What Brings Photographers Back to Freshkills Park

Since 2014, photographers have been documenting Freshkills Park’s changing landscape for an ongoing series called Capturing Change. The series aims to generate a community- and artist-driven archive of the site’s transition from landfill to public space. Several photographers have returned multiple times, compelled to explore the park over and over again.

Many of the photographers have memories of visiting or living nearby the Fresh Kills Landfill. “As a boy I watched the heavy machinery push at the fresh piles that were constantly being delivered,” photographer Sean Sweeney said. As an adult, he became Chairman of Staten Island’s Community Board 1. “I had the opportunity to be involved with some of the plans to close the landfill and make it into a place to be proud of.”
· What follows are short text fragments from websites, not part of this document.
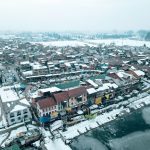 Top Places to Visit in Kashmir During Winter: A Snowy Paradise Guide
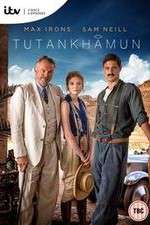 Watch Tutankhamun Alluc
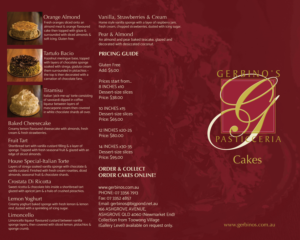 Flyer Design by designerDNH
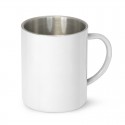 Drink Bottles - Metal - Thermax Coffee Mug - 400ml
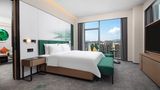<b>Hampton Inn Sanming Sanyuan District Room</b>. Images powered by <a href="https://www.leonardoworldwide.com/" title="Leonardo Worldwide" target="_blank">Leonardo</a>.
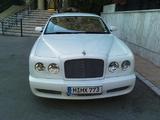 Bentley Azure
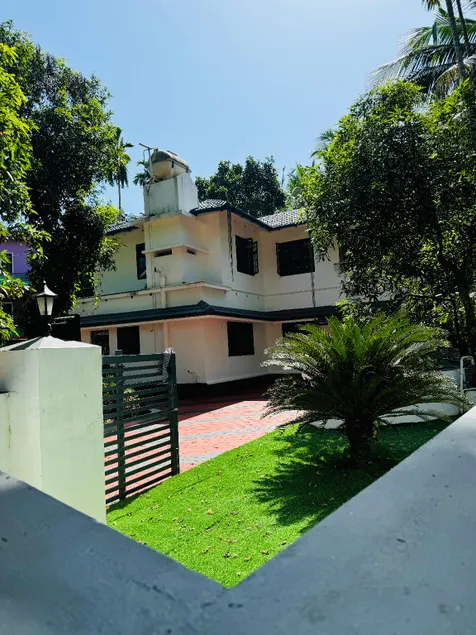 Dream House Near IIM Kozhikode & NIT Calicut - Image 1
Photographer Michael McWeeney also grew up in Staten Island. “I can remember the stench of the landfill on hot days, the flocks of sea gulls circling the dump for the day’s fresh delivery of trash from the 5 boroughs of New York and the stigma of living so close to the world’s largest landfill,” he said. When he began working for the local papers in 1990 he found himself in the landfill working on stories related to waste management and the eventual closing of Fresh Kills.

Artist Andrea Callard first visited the Fresh Kills Landfill in the 1970s. “An individual could drive into a specified area of Freshkills on a Saturday and dump ‘household bulk,’ objects we no longer needed,” she explained. “I somehow heard about this and drove from Tribeca with a friend.” This was the first of many visits to the site that continue today with photography tours.
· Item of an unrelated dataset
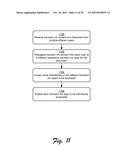 Ink Modes diagram and image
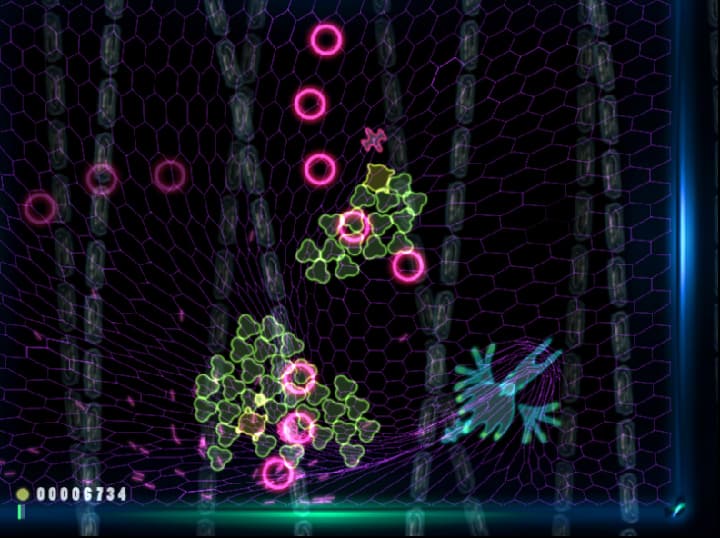 QUALIA 3: Multi Agent PC Steam CD Key - 7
These photographers also recognize the beauty and significance of the opportunity photography tours at Freshkills Park provide. “Having the opportunity to photograph the park’s hills is quite a unique experience in New York City,” McWeeney said. “You feel as if you are somewhere else, somewhere far away from the traffic and the malls and the bustling crowds of people. You still see the refinery of New Jersey and the Manhattan skyline, but you are separated from it.”

For Callard, it’s a deep pleasure to document what keeps changing and what everyone is not able to see. “Freshkills is a strange yet lovely place to walk and contemplate where one is and where one is going,” she said. “I really appreciate how the color of the landscape shifts so much and my own looking changes and becomes more subtle.”

Sweeney believes that Capturing Change is providing an important service by letting photographers of all levels document the landfill-to-park transformation. “From the iPhone shots to the massive megapixel grabbers, we all belong,” he said. “I always say the world needs a documentarian. No two mornings, days or evenings are the same at The Dump, The Landfill, The Park. The sun rises and sets differently every day.”